This notebook implements the **Principal Component Ananlyis(PCA)** as explained in the book "**Python Machine Learning**" by **Sebastian Raschka** and **Vahid Mirjalili**.

**Prerequisites**:

* Python
* pandas
* numpy

**Dataset**: Wine

**Note:** Descriptive comments explain the code in a better way

Import necessary packages:

In [None]:
import numpy as np 
import pandas as pd 
import matplotlib.pyplot as plt 
from matplotlib.colors import ListedColormap

Load the Wine dataset in a panda dataframe:

In [None]:
df_wine = pd.read_csv('../input/Wine.csv');
df_wine.head()

Add headers in the data:

In [None]:
df_wine.columns = [  'name'
                 ,'alcohol'
             	,'malicAcid'
             	,'ash'
            	,'ashalcalinity'
             	,'magnesium'
            	,'totalPhenols'
             	,'flavanoids'
             	,'nonFlavanoidPhenols'
             	,'proanthocyanins'
            	,'colorIntensity'
             	,'hue'
             	,'od280_od315'
             	,'proline'
                ]
df_wine.head()

Step 1 : Preprocess the data into train and test sets with 70%:30% ratio respectively and standardize the data as is a requirement for PCA to assign equal importance to each feature beforehand

In [None]:
#make train-test sets
from sklearn.model_selection import train_test_split;
X, y = df_wine.iloc[:, 1:].values, df_wine.iloc[:, 0].values;
#print(np.unique(y))
#split with stratify on y for equal proportion of classes in train and test sets
X_train, X_test, y_train, y_test = train_test_split(X,y,test_size = 0.3, stratify = y,random_state = 0);

#standardize the features with same model on train and test sets
from sklearn.preprocessing import StandardScaler;
sc = StandardScaler();
X_train_std = sc.fit_transform(X_train);
X_test_sd = sc.transform(X_test);


Step 2: Make a covariance matrix of the training data and extract eigenvectors and eigenvalues

In [None]:
cov_mat = np.cov(X_train_std.T);
eigen_vals, eigen_vecs = np.linalg.eig(cov_mat);
print('\nEigenvalues \n%s' % eigen_vals)


Each principal component i.e. eigenvector indicate the variance and we have to select the top *k* eigenvectors based upon their magnitude i.e . eigenvalues.

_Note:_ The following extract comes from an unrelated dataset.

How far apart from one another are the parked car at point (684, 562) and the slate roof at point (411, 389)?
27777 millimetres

Lets plot the variance explained ratios of the eigenvalues for the above dataset:

In [None]:
tot = sum(eigen_vals);
var_exp = [(i / tot) for i in sorted(eigen_vals, reverse=True)];
cum_var_exp = np.cumsum(var_exp);
plt.bar(range(1,14), var_exp, alpha=0.5, align='center',label='individual explained variance')
plt.step(range(1,14), cum_var_exp, where='mid',label='cumulative explained variance')
plt.ylabel('Explained variance ratio')
plt.xlabel('Principal component index')
plt.legend(loc='best')
plt.show()

The above plot clearly shows that the first principal component explains almost 40% of the variance in the data and the first and second combined explain 60%.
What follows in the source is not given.